16 Seasons


Four years, 16 seasons., 48 months, 1,460 days; that’s how long you have been gone Dad. It’s hard top believe that it has been that long since I held your hand, heard your voice, or looked at your face.

If seems like many lifetimes have happened since then, but I know you and Mom are with me, watching over me. My rational mind knows that, but my heart still misses having you physically here. I miss hugging you, hearing your voice, seeing your face, hearing you laugh and seeing that smile. I miss going fishing with you. We didn’t go very often, but I loved when we did. I loved how you laughed at me when I tried to cast the line.

I love where I am and am happy. I wish you were around to see it, to see this life I have built for myself. I wish you could see how happy I am now. But then, I am glad you are not here for something things. I think Covid would have scared both you and Mom. But I think you would love where I am in Texas. You would love the house, the neighbors and especially the food – particularly the Bar-B-Q.

There are still so many questions I would love to ask you, so many conversations. SP many hugs and sharing boiled peanuts. I miss being called PJ, and Chief-Beer-Fetcher-in-Charge. I miss giving you socks.
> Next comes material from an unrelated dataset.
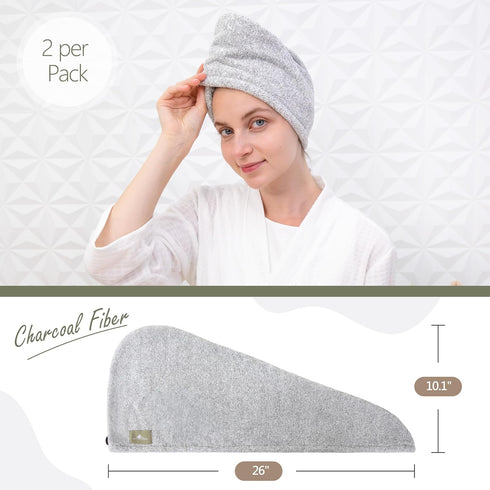 myHomeBody Hair Towel Wrap - Luxury Quick Drying Turban, Ultra Soft Charcoal Fiber Cap with Coconut Shell Button, 2 Pack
But as much as I miss you, and I do with my whole heart, I am OK and Happy. You were the best father in the entire world, and I am so extremely thankful that you were my Dad, and that we did get to spend those last 7.5 months together. It was my honor and my privilege. You and Mpm, gave me so much and suppported me no matter what, which is something I could never repay. But taking care of you was someting I could do to show how much I loved and valued you.

I know that you were at peace, and I know Mom was right there with you to take you over. And I know that the two of you are having a great time in Heaven, talking, doing, sharing and love. And laughing at me, your silly girl, down here.

I love you always, and miss you forever. Give Mom a hug for me. Please visit me in my dreams.